#### [Items from a data source]

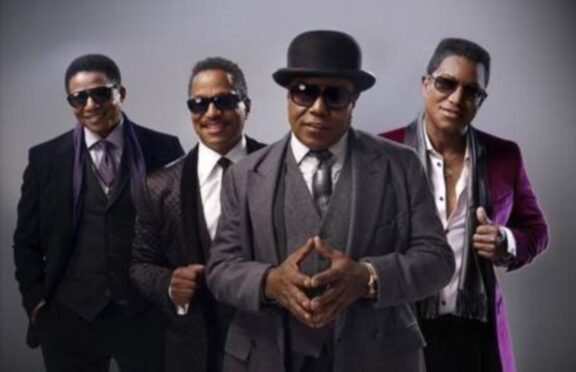 The Jacksons are coming to Elgin.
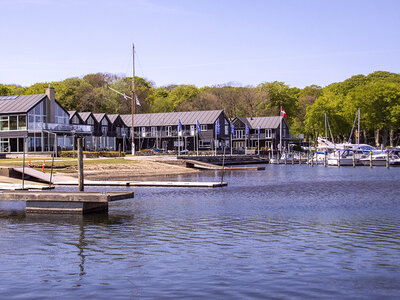 Boks Ophold med bobler på Hotel Strandtangen for 2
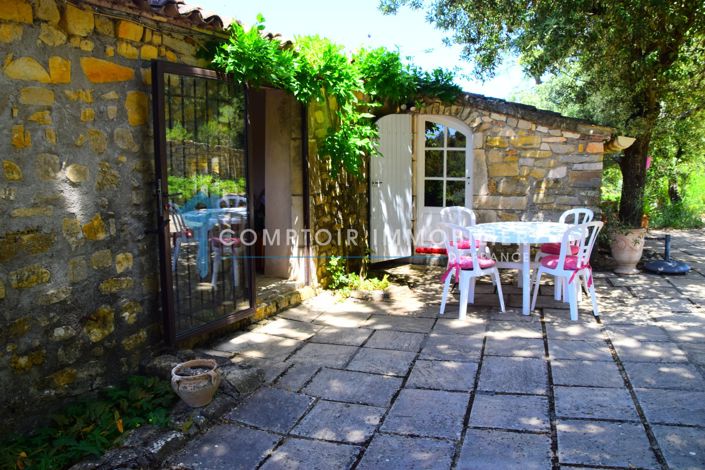 Image No.2-4 Bed House for sale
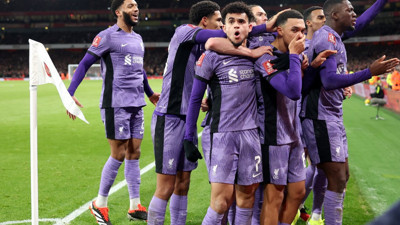 Liverpool Arsenal'i 15 dakikada devirdi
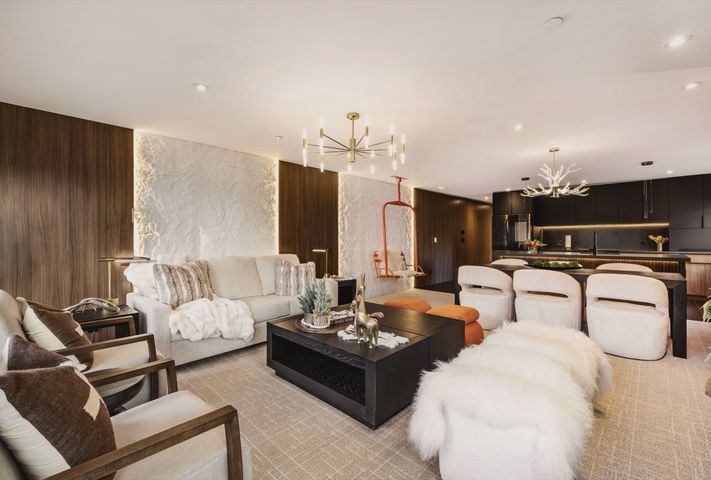 684 W Lionshead Circle 302_Summer Winter _10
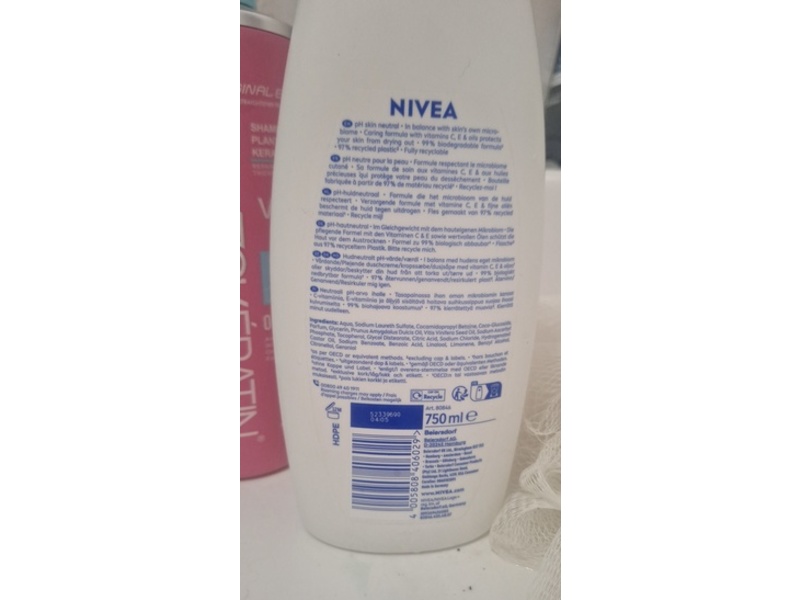 Nivea Soft Cream Shower Gel, Almond, 750 mL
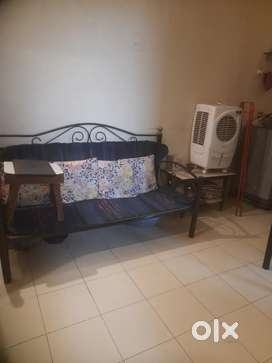 1bhk semi furnished flat in keshav nagar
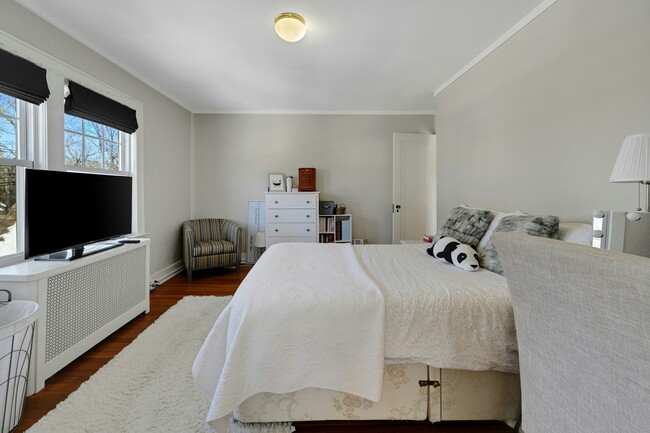 Building Photo - 142 N Passaic Ave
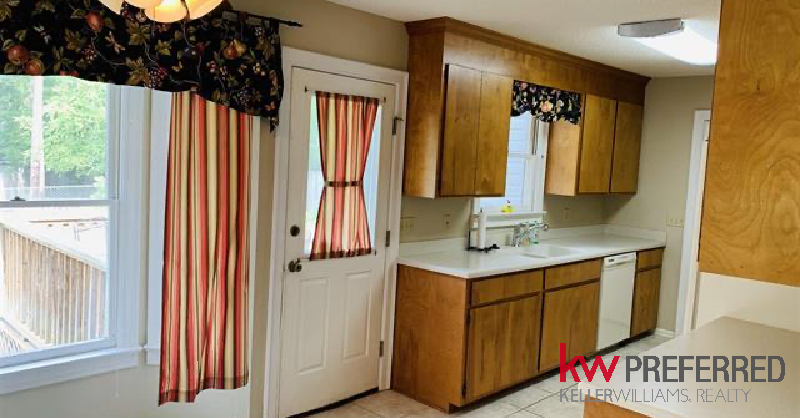 wealthwithandi's tweet photo. Find your favorite listings, send them to me, and start packing! You’ll be moving in no time. Just go to https://t.co/asrZIED8sP to get started!

Home shown is currently listed:
109 Pin Oak Court | 3 BD 2 BA | $169.900
Keller Williams Preferred https://t.co/HSXmCErIWp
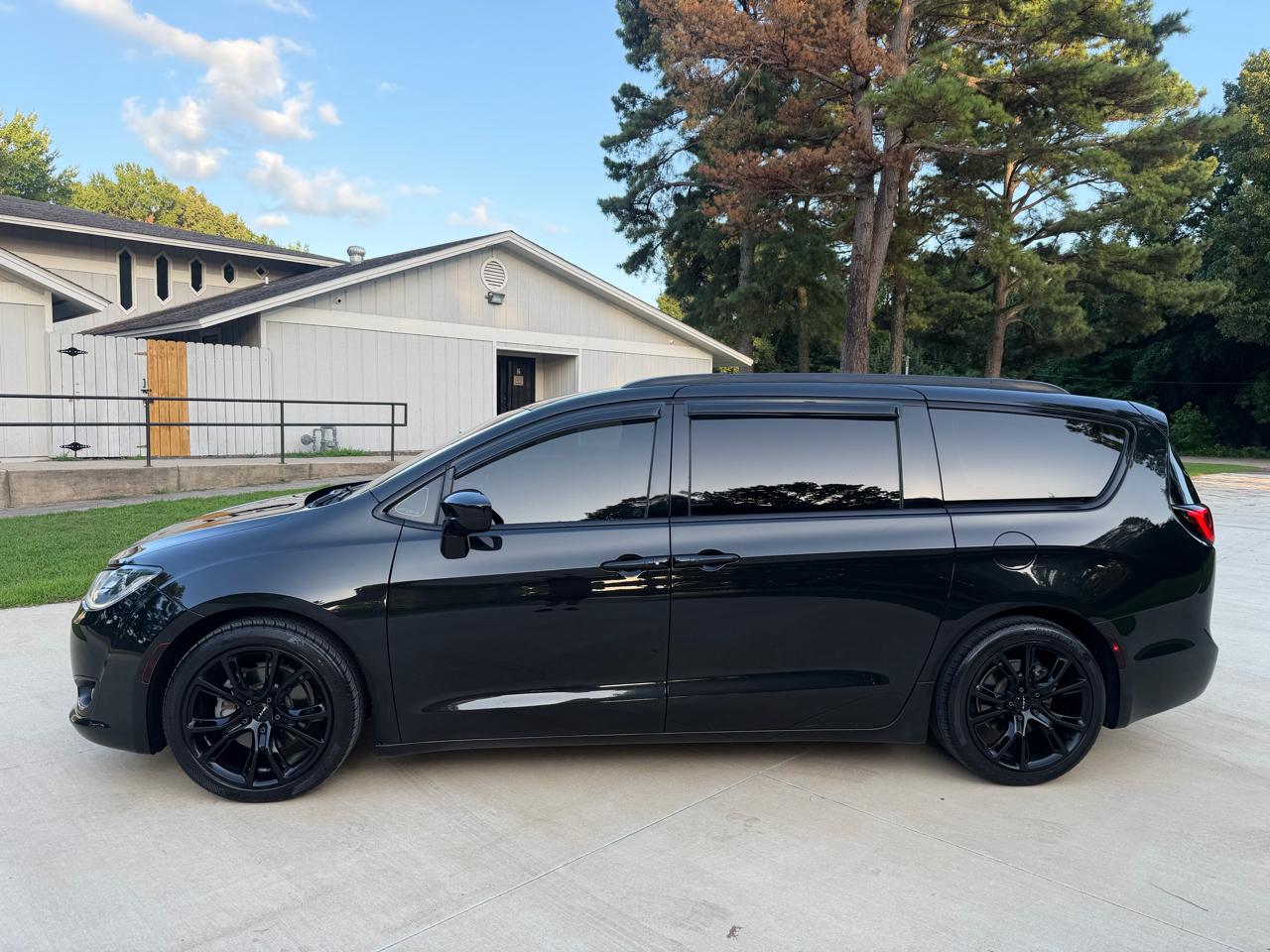 Chrysler Pacifica Touring-L 2018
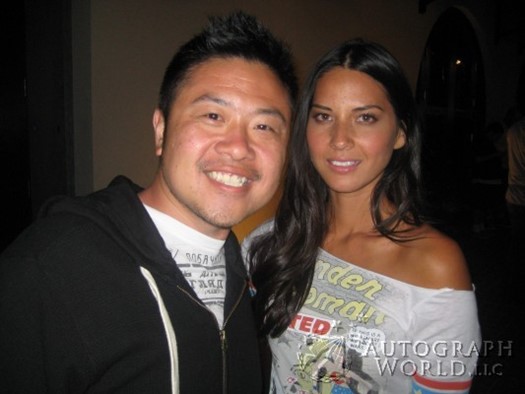 Olivia Munn autograph
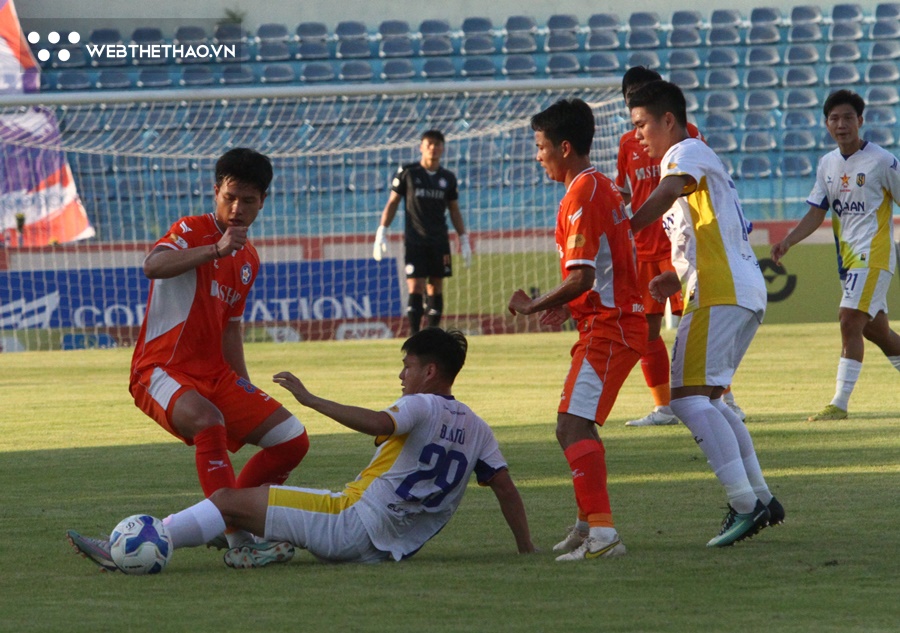 V.League hạ màn không bất ngờ: Bình Định xuống hạng, Đà Nẵng đá play-off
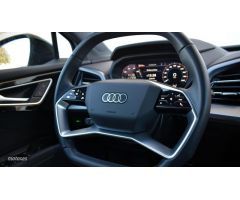 Audi Q4 e-tron e-tron 50 quattro Black Line 82KWh de 2022 con 22.000 Km por 59.000 EUR. en Badajoz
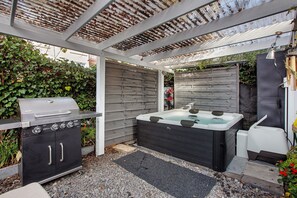 Outdoor spa tub - Holiday Home 'Luxus-Haushälfte in Lörrach' with Private Terrace, Private Garden and Wi-Fi (Lörrach)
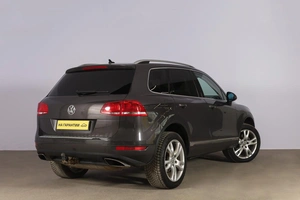 Внедорожник Volkswagen Touareg 2010 года, 1949000 рублей, Новосибирск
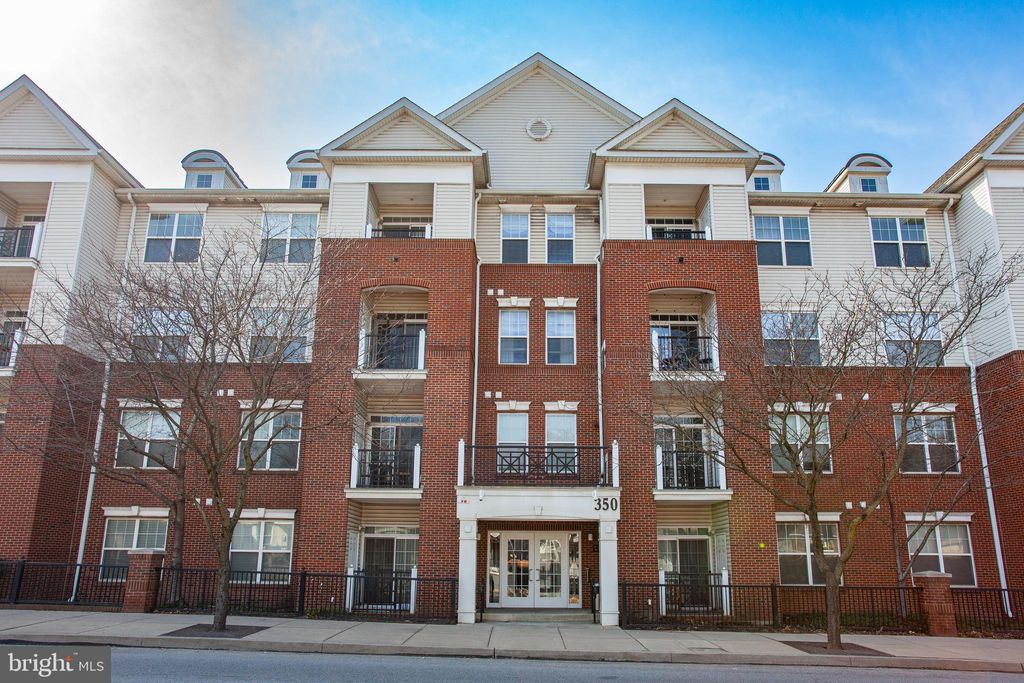 Photo of 350 W Elm Street #3003, CONSHOHOCKEN, PA 19428 (MLS # PAMC2096752)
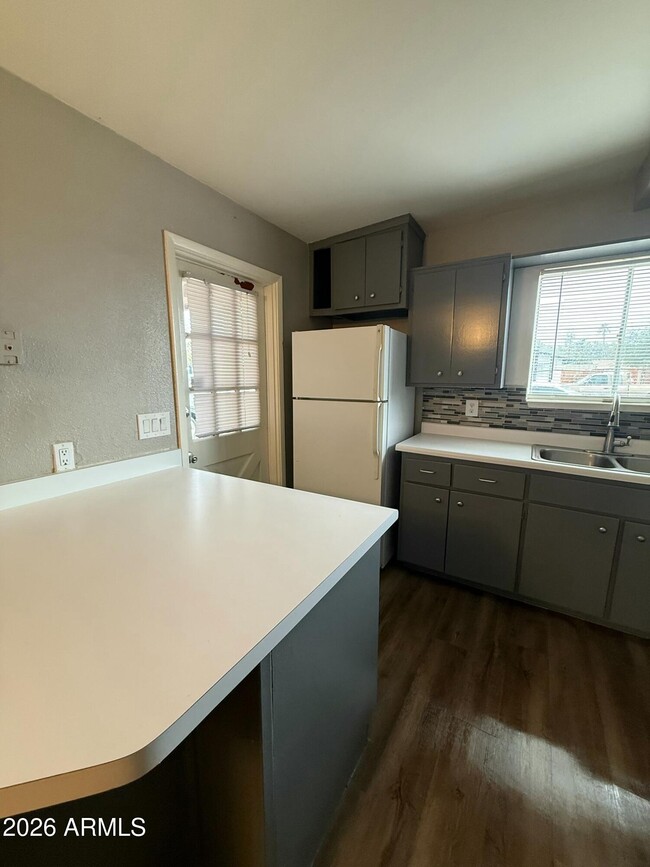 Photo - 102 E Ivy St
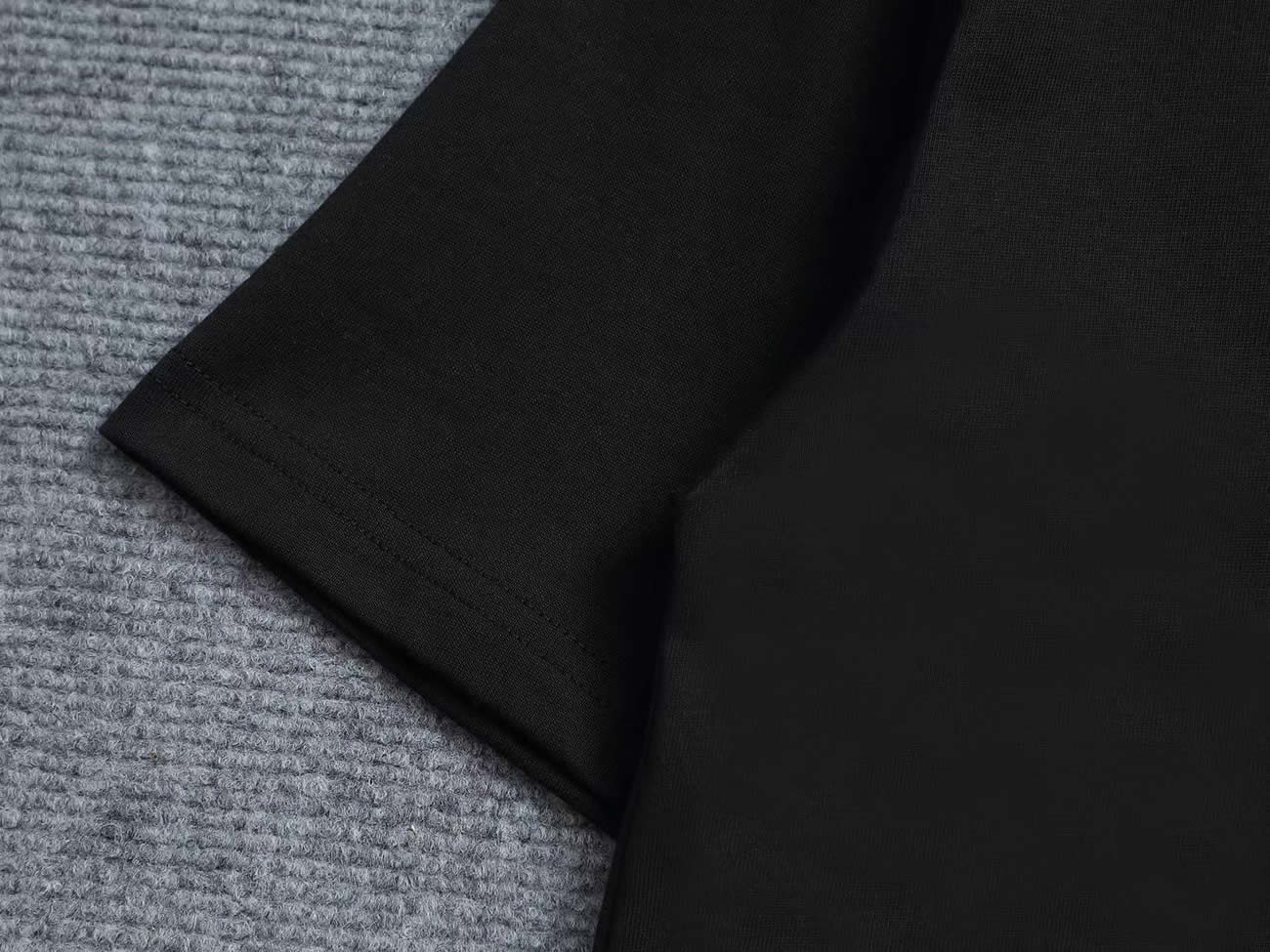 Dior Knitted Crewneck Short Sleeve For Men Black White (2) - www.newkick.org Dior Knitted Crewneck Short Sleeve For Men Black White (2) - www.newkick.org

#### [About this exercise]
Nothing but the lines from the one with "Audi Q4 e-tron" to the one with "Outdoor spa tub" above, both included, should be transcribed, exactly and without pictures.

#### [Solution]
 Audi Q4 e-tron e-tron 50 quattro Black Line 82KWh de 2022 con 22.000 Km por 59.000 EUR. en Badajoz
 Outdoor spa tub - Holiday Home 'Luxus-Haushälfte in Lörrach' with Private Terrace, Private Garden and Wi-Fi (Lörrach)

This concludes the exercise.